* TASK DIRECTIONS: The material below should be copied line for line, please, with pictures omitted.

* SOURCE DATA:
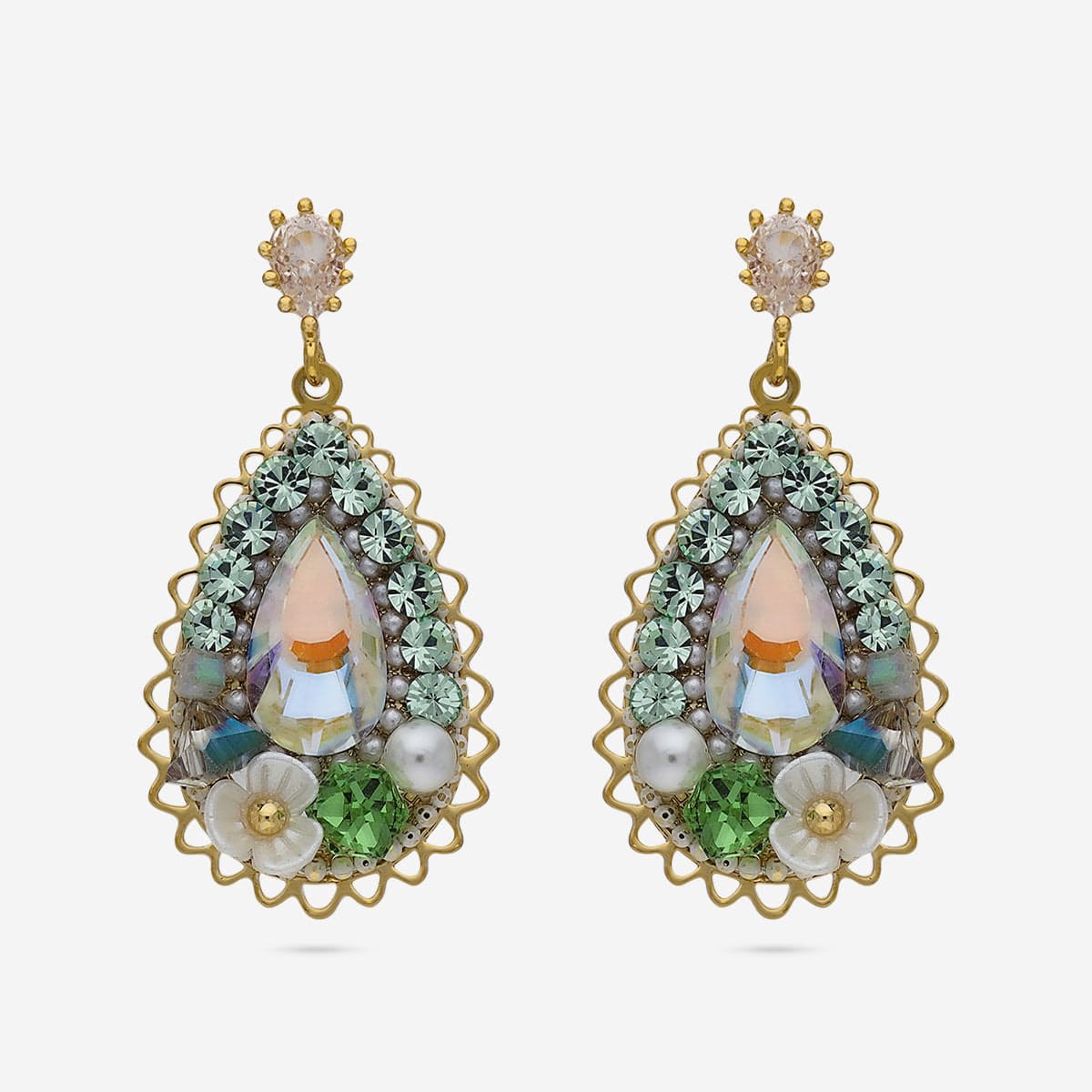 Trendy Earring 190129 - Image 9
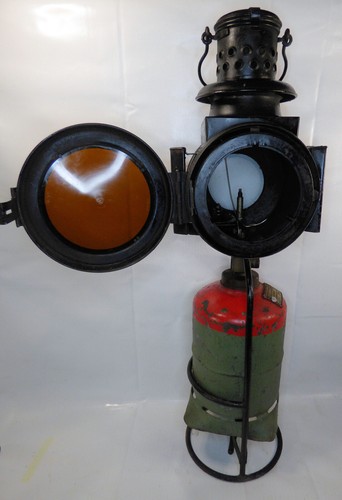 Propangas signallaterne von - signallaterne,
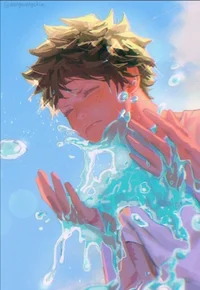 Izuku Midoriya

* ANSWER SPACE:
 Trendy Earring 190129 - Image 9
 Propangas signallaterne von - signallaterne,
 Izuku Midoriya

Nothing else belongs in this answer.